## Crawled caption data
★ ★ ★ ★ ★ ★ ★

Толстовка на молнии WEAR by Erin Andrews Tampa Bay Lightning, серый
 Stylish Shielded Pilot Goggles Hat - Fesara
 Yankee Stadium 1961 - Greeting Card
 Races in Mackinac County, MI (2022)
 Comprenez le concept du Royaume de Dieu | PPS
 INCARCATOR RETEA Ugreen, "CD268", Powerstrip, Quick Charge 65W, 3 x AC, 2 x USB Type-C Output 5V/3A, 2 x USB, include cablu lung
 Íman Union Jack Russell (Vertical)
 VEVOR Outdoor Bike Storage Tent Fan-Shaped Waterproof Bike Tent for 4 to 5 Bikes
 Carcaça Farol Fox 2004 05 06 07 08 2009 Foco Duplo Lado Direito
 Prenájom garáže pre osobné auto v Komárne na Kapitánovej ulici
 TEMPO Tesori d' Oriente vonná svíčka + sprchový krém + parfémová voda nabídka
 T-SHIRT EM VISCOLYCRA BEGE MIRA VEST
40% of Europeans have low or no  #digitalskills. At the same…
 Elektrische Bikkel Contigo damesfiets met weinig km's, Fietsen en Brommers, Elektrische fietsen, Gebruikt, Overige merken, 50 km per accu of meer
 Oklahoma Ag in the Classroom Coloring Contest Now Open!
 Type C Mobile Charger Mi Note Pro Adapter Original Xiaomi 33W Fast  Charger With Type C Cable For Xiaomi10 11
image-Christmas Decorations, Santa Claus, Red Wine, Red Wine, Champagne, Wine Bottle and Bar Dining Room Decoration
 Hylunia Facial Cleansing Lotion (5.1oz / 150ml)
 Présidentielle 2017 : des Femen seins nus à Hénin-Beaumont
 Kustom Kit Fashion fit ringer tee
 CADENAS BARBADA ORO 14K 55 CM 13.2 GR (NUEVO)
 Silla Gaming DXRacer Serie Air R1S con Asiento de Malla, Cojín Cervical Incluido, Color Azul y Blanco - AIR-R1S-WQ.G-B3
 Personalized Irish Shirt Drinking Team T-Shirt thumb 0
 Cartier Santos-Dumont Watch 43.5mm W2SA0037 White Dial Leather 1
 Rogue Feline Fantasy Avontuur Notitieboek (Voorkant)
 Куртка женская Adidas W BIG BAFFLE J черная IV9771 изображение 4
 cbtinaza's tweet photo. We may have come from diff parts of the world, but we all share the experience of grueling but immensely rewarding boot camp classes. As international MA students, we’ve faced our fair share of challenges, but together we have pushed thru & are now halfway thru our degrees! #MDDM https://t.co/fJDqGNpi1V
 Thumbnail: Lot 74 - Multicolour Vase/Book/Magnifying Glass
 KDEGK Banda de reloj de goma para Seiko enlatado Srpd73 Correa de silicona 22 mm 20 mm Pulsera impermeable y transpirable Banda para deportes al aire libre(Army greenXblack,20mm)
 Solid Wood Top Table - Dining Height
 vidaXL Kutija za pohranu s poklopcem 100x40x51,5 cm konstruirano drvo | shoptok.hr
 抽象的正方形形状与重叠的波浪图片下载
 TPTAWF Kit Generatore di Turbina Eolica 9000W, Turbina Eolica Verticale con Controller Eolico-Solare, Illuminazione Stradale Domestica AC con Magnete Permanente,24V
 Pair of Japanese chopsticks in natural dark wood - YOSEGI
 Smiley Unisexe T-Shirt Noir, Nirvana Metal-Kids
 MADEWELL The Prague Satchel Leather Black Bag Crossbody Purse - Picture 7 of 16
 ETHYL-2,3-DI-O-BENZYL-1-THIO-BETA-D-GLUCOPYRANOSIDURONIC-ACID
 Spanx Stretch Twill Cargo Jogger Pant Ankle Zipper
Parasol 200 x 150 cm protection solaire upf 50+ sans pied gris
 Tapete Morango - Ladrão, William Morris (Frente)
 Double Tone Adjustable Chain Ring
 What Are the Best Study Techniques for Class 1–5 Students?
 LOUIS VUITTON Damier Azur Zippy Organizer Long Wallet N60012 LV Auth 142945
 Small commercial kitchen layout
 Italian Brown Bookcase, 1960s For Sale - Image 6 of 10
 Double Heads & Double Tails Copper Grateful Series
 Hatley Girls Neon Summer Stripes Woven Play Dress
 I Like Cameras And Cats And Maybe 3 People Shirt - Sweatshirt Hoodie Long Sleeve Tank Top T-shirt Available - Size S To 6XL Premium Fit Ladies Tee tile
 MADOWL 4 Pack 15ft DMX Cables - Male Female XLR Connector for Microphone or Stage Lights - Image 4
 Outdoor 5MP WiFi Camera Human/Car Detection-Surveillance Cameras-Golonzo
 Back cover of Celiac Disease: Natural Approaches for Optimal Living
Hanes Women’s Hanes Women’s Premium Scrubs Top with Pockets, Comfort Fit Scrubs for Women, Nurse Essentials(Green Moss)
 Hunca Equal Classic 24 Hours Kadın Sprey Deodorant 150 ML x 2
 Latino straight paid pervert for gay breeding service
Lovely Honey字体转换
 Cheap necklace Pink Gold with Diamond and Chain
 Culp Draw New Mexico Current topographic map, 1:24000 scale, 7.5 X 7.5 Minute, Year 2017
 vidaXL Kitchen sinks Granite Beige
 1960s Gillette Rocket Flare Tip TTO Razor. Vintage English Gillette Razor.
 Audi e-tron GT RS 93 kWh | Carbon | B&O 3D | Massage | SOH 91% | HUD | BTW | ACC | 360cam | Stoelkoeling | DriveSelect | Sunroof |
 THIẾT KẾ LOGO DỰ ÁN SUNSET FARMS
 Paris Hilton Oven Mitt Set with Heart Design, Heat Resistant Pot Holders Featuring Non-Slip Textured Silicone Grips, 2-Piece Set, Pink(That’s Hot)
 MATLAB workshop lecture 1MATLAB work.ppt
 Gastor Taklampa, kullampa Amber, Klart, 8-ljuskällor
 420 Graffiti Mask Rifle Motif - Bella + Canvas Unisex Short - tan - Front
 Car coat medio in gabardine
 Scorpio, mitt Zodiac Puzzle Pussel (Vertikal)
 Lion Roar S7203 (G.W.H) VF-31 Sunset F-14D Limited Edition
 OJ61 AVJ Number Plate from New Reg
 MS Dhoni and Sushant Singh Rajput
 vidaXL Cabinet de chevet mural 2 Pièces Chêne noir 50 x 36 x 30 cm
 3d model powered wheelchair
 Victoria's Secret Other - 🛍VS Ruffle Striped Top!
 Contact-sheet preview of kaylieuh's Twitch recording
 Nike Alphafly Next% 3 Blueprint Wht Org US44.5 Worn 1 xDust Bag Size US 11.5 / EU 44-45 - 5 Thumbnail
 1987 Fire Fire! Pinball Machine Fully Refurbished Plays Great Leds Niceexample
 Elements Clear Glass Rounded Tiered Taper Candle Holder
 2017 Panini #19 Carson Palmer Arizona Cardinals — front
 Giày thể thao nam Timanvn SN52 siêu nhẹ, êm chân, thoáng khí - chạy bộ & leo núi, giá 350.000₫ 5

★ ★ ★ ★ ★ ★ ★

## WHAT TO DO
In the records above, find each line that mentions the string "Pink", then copy it.

## TASK RESULT
 Cheap necklace Pink Gold with Diamond and Chain
 Paris Hilton Oven Mitt Set with Heart Design, Heat Resistant Pot Holders Featuring Non-Slip Textured Silicone Grips, 2-Piece Set, Pink(That’s Hot)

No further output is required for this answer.